2. **Add "maroon" to the prompt** as an explicit color option or example, since both models struggle to distinguish it from red without guidance.
3. **Consider a constrained color vocabulary** in the prompt (e.g., "Choose from: red, blue, green, yellow, orange, purple, black, gray, brown, maroon, teal, light blue, navy blue, gold, pink") to reduce vocabulary mismatch and shade-qualifier drift.
4. **Post-processing color mapping** could recover many similar-match cases automatically: navy→navy blue, grey→gray, dark blue→navy blue, etc.

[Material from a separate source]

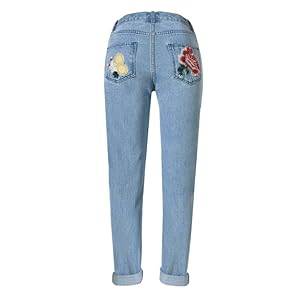 Amazon | [BET&FIT] レディースジーンズ3D立体刺繍バラの女性の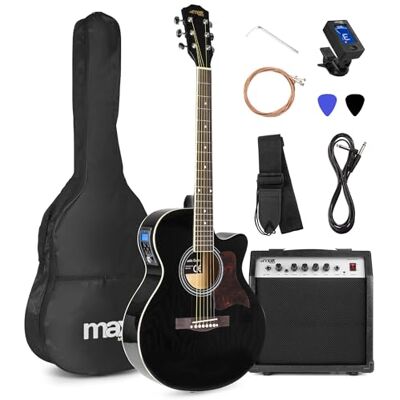 MAX Guitarra electroacústica color negro con amplificador y funda Pack con funda, afinador, correa, 2 púas y cuerdas de acero de repuesto, para principiantes y aficionados MAX Guitarra electroacústica color negro con amplificador y funda Pack con funda, afinador, correa, 2 púas y cuerdas de acero de repuesto, para principiantes y aficionados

5. **The original `jersey_prompt.txt` is the better prompt** — the capstone prompt's additional constraints did not improve accuracy for either model.
---
## Appendix: Color Similarity Families
The following color families were used for "similar match" scoring. Two colors count as a similar match if they appear in the same family:
| Family | Member Colors |
|------------|-------------------------------------------------------|
| blue | blue, dark blue, navy blue, navy, royal blue |
| light_blue | light blue, sky blue, baby blue, carolina blue, powder blue |
| red | red, scarlet, crimson |
| dark_red | maroon, burgundy, dark red, wine |
| green | green, dark green, forest green, kelly green |
| yellow | yellow, gold, golden |
| orange | orange, burnt orange |
| brown | brown, dark brown |
| purple | purple, violet |
| gray | gray, grey, silver, charcoal |
| black | black |
| teal | teal, turquoise, cyan, aqua |
| pink | pink, magenta, hot pink, rose |
**Note:** Colors in *different* families are never counted as similar, even if perceptually close (e.g., maroon and red are in separate families; brown and orange are in separate families). This is intentional — the similar-match metric captures vocabulary variation within the same color concept, not genuine color misidentification.